Expert: Josh - 8/6/2008

Question
QUESTION: Hi,

I was wondering how I could get started on this problem or what to do.

Write an equation with the domain (x/x is greater than or equal to 7)

Thank you for your time

ANSWER: Hi Sherry

The word "domain" basically means the set of values that x can take to generate a function y=f(x). In case you haven't seen this notation before, think of y as some expression which depends on x.

Example 1: For y=x+2 (a straight line), x can take any real value, so the domain is the set of all real numbers.

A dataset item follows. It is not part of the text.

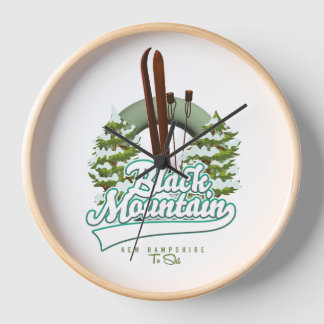 Attitash mountain new hampshire ski logo button cl clock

Your question asks for an expression which limits the set of values that x can take to any real number GREATER THAN OR EQUAL TO 7.
So, the answer is simply x >= 7 [note: >= is the "greater than or equal to" sign]

I'll give you several examples.

Example 2: For the inequality x^2-2x-3 > 0, the domain consists of all possible values that x can take, such that x^2-2x-3 is positive (i.e., strictly greater than zero). To find the domain, we factorize the left hand side (LHS) of the equation, to get (x+1)(x-3)>0. At this point, we recognize that y=(x+1)(x-3) describes an upright parabola with x-intercepts at x=-1 and x=3. The portion of x where y is positive is given by two intervals: x<-1 and x>3. This is the domain.

Example 3: Consider y^2=x. The domain is given by x>=0. This is because y^2 (anything squared) must be non-negative. Graphically, we have a C shape parabola with the turning point at the origin.

Example 4: Find the domain of y^2=(x-5).
As in example 3, y^2 must be greater than or equal to 0. The same condition is imposed on the right hand side of the equation. Therefore, we need x-5 >= 0. The domain is given by x>=5. [The parabola in example 3 has been shifted to the right by 5 units]

---------- FOLLOW-UP ----------

QUESTION: Hi Josh,

So how about the domain of each of the following?

a. y = the square root of (3-x)

b. y = 2 + the square root of the absolute value of x - 1

Thank you so much for your help!

Answer
The basic idea is still the same. We look for the set of values that x can take to cover the space of y.

For part a), y is the square root of something, so what goes inside the square root must be greater than or equal to 0 in order for the function to be defined. So, we need 3-x>=0. I'll leave you to rearrange this yourself.

For part b), y=2+sqrt(|x-1|). The constant "2" is irrelevant when it comes to finding the domain. The main constraint is imposed on the argument inside the square root. For the same reason as before, we need |x-1|>=0. This is true for all values of x. So, the domain comprises all real values. |x-1| is basically a V shape plot centered about x=1. It is always on or above zero, so it poses no problem.

On the other hand, if you were given y=sqrt(x-1), then we would need x-1>=0. In this case, the domain is x>=1.